Web page caption snippets
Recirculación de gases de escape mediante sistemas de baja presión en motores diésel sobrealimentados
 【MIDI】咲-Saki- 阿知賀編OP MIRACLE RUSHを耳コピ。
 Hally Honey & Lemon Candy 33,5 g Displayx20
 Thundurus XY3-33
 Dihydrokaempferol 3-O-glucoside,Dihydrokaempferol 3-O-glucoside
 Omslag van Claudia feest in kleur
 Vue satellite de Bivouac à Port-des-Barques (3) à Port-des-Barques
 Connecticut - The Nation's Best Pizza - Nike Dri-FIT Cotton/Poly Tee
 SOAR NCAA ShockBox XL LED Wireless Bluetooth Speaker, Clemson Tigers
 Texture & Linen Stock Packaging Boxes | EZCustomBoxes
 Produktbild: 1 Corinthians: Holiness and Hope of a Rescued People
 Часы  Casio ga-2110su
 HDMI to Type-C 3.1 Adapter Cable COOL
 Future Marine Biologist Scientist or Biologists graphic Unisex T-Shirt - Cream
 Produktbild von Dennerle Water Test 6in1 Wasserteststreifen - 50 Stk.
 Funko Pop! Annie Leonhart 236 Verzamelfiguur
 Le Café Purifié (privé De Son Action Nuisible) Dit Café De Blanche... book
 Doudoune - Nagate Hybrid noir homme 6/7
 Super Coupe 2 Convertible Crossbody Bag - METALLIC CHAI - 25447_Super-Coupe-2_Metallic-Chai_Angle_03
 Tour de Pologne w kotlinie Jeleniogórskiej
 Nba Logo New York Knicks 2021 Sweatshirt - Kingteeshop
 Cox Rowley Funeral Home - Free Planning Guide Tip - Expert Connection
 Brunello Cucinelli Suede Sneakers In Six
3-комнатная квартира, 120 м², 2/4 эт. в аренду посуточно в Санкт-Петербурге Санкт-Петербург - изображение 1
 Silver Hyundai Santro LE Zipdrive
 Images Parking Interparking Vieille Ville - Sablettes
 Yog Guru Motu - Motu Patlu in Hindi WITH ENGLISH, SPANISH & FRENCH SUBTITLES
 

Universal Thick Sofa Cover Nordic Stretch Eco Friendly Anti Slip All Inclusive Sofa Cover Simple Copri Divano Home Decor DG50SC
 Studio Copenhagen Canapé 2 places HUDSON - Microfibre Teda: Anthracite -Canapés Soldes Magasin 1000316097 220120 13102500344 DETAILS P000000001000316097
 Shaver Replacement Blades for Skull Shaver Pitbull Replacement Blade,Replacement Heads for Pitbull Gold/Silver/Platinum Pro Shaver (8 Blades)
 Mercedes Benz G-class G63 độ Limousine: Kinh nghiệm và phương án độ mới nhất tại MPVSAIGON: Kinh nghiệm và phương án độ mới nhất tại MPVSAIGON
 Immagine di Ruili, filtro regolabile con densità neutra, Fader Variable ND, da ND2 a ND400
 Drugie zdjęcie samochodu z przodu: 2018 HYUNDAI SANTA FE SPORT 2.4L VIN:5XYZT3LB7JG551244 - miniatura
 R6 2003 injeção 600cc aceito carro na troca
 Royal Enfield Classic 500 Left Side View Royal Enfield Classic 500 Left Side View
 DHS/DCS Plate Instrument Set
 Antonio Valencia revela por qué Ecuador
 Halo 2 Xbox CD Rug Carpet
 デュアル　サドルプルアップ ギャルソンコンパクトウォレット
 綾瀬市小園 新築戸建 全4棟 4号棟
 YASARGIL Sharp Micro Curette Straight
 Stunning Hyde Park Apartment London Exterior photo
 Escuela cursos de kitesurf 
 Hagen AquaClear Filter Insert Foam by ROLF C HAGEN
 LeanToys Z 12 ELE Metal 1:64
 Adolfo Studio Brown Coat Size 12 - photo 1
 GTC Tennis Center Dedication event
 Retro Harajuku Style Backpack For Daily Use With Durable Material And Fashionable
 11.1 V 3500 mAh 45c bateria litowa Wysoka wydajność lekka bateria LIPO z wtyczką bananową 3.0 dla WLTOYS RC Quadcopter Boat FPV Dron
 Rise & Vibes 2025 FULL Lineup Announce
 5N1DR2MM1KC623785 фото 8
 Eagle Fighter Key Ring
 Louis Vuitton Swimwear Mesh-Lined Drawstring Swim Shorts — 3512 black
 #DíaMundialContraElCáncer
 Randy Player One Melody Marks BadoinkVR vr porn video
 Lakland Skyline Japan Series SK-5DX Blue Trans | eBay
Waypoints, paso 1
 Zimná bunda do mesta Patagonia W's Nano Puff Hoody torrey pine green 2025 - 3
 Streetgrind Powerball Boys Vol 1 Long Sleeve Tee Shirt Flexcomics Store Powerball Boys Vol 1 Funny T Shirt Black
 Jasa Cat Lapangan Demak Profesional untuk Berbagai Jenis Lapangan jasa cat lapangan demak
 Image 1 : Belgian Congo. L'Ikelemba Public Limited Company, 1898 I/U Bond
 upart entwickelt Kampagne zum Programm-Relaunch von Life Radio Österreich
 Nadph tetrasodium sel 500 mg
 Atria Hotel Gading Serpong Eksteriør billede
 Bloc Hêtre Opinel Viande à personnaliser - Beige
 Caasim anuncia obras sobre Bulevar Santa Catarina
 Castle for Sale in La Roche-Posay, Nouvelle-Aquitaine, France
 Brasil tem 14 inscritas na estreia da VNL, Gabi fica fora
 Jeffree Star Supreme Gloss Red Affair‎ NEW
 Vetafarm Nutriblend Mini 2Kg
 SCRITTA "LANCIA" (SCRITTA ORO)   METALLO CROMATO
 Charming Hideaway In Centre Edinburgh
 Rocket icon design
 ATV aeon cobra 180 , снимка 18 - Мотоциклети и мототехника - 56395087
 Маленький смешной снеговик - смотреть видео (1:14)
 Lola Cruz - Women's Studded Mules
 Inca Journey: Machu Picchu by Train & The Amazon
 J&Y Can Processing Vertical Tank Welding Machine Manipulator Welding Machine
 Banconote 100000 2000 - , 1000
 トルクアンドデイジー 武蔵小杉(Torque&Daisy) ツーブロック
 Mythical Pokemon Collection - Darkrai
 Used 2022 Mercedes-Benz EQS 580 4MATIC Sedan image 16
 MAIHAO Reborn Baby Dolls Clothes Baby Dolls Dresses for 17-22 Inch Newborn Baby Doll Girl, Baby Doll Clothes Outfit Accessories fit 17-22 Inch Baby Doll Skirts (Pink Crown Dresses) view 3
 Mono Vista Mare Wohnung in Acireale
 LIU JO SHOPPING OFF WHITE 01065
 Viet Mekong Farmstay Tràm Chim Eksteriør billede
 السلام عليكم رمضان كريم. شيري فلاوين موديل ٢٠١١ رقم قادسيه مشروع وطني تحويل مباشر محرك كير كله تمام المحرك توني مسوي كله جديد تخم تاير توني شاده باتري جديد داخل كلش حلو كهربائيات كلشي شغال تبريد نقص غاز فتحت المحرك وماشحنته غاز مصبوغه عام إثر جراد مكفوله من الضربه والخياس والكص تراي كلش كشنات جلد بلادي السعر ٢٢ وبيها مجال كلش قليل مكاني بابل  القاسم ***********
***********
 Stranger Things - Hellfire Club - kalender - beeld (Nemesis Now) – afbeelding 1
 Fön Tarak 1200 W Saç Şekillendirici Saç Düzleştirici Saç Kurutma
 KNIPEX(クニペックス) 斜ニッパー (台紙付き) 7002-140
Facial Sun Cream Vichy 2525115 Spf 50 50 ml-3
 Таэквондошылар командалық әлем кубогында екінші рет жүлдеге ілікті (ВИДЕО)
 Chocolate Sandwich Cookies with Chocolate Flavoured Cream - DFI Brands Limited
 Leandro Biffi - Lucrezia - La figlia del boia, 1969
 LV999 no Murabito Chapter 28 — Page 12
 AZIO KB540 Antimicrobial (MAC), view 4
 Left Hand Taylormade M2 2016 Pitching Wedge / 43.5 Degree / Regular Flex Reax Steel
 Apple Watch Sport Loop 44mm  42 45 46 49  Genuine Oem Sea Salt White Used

### Exercise brief
Scan the data, and report each line that uses the word "Used".

### Exercise response
 Used 2022 Mercedes-Benz EQS 580 4MATIC Sedan image 16
 Apple Watch Sport Loop 44mm  42 45 46 49  Genuine Oem Sea Salt White Used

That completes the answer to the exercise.